Single workflow vs multiple workflows

Is there any advantage or convention to using multiple workflows vs a single workflow where there are many jobs?

For example, what might be some of the benefits to running a Unit Test workflow, Lint workflow, etc. separately from each other vs having a single workflow that runs unit tests and lints as jobs?

I imagine there are probably tradeoffs, so there might not be a single best way to do things, but what are you all doing? Are there any folks that really split everything out into multiple workflows and love it?

@markgoho,

It’s hard to say which one is best between single workflow and multiple workflows.
Different users or projects have many different use cases. It depends on what you need the workflows to do with your project, and sometimes it even depends on your personal preference.

If you want the workflows to execute a series of coherent jobs based on a Git ref, setting up all the jobs in a single workflow may be a good choice.

If you want the workflows to execute different jobs at different stages or on different events, using multiple workflows may be the good choice.

Thanks @brightran - as I suspected, this question doesn’t have one right answer. It seems like there’s a great opportunity to provide more guidance to developers through the use of blog posts and documentation.

I imagine that anyone who’s been using GitHub Actions for more than a few months with a sizeable codebase has had to grapple with this decision. I’m very interested to hear what key differences others have found that might influence the decision to go with a single workflow vs. multiple workflows.

I have been migrating our CI to GH workflow in past month or so. My impression is that you will quickly realize when jobs have to run in the same workflow. When you try to split jobs in different workflows, you will either hit a wall where you just can’t achieve what you want due to some limitation on GH or you will start to copy/paste substantial amount of yaml between workflows.

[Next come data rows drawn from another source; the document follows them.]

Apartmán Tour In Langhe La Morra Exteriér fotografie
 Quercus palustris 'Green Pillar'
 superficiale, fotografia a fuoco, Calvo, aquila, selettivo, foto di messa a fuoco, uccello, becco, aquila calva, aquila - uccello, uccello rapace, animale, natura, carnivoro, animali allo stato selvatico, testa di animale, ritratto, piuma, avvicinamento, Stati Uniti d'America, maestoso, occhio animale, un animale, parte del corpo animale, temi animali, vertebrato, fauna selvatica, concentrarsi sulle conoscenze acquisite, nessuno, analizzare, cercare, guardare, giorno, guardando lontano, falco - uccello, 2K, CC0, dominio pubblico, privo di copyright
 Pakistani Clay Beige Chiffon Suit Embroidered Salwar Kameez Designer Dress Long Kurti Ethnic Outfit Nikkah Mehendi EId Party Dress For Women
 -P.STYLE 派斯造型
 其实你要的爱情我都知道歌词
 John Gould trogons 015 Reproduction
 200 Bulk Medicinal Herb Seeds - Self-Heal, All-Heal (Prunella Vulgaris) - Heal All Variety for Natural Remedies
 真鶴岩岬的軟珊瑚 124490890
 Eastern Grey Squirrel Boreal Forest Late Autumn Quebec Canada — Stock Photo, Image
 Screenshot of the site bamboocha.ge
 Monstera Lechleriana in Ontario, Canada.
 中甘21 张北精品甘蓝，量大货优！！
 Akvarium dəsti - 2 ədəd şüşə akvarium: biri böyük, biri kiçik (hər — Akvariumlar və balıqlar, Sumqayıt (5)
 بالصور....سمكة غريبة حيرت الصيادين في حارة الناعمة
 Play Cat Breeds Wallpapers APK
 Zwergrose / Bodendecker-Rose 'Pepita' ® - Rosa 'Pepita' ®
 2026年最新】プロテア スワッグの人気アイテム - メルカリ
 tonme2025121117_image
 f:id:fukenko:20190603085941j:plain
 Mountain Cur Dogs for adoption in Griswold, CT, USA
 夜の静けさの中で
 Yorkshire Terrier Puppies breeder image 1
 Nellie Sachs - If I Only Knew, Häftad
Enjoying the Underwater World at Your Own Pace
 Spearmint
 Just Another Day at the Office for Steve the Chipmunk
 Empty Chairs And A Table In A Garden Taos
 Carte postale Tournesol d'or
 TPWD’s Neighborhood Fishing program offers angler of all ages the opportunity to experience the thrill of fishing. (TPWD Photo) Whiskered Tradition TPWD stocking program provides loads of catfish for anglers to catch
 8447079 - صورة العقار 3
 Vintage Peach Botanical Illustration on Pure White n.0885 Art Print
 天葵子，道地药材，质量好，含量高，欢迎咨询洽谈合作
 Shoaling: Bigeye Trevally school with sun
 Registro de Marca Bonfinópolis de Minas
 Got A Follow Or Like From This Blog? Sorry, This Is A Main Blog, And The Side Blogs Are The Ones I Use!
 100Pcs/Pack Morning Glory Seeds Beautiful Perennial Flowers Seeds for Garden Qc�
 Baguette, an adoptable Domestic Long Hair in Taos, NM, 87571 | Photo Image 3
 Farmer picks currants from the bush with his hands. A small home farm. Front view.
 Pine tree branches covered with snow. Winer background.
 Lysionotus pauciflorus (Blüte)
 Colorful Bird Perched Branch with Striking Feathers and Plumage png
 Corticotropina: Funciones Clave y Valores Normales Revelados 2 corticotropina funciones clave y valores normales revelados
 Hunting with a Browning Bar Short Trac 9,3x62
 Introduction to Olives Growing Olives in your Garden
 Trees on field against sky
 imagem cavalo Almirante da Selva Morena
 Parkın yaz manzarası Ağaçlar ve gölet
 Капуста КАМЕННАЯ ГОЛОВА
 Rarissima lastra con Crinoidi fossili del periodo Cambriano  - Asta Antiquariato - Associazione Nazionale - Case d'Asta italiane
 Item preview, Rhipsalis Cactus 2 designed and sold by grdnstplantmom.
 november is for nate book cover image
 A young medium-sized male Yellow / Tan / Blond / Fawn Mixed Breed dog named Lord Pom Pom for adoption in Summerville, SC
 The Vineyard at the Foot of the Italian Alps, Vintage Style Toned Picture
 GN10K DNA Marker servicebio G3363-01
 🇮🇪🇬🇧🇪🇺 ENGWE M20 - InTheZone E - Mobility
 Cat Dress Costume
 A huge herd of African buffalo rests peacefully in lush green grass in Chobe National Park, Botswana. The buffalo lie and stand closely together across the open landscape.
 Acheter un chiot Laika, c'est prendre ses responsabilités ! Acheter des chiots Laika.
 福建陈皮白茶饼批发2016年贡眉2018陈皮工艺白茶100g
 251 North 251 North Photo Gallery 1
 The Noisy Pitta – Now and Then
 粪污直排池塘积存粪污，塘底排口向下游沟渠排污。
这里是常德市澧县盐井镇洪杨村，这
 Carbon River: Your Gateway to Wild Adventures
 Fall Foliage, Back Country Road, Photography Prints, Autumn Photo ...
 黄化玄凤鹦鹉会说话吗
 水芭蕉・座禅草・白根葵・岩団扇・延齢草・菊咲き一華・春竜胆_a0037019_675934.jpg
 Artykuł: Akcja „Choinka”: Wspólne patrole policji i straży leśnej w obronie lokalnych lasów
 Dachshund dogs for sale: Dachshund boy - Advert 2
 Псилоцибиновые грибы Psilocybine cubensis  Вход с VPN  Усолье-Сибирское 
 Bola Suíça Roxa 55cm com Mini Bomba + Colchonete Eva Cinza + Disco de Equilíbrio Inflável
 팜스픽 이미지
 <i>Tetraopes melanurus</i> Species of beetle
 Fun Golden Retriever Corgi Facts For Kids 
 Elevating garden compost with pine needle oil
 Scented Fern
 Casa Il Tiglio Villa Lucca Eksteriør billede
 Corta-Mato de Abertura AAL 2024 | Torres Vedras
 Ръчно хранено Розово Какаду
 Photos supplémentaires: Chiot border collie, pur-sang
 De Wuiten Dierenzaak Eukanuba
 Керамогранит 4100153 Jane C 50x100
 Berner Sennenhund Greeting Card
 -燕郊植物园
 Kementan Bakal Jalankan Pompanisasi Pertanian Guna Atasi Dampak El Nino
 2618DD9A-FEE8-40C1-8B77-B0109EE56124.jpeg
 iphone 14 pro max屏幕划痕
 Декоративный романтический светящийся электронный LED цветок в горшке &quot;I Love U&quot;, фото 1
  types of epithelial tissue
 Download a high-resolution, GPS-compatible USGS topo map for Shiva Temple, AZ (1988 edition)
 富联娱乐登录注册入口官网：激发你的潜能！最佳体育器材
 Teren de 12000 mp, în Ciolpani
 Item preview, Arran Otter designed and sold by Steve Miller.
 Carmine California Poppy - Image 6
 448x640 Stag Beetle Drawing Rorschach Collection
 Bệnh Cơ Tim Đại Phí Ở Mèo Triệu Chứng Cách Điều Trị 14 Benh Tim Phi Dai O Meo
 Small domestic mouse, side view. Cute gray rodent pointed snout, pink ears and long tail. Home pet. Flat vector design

Anything that requires synchronization between jobs will have to be in the same workflow. If you just want to run Job B after Job A succeed, you can do it in either one workflow or two (by dispatching events). But if you want Job C to run after Job A and B succeeded, you will only be able to do it with jobs in the same workflow.

Sometimes you will be forced to run separate workflows. For example, if people open PRs from forks, your workflows running on the PRs will not have access to any of your secrets. In this case, you will have to split the jobs that require credentials from the ones that require to run on the code from your PR.

This is only few examples but you shouldn’t worry too much about the separation of your workflows in my opinion. The system, to me, is not so flexible that you can get very far in the wrong direction. You will hit limitations quickly enough and it will be obvious that it isn’t the way to go.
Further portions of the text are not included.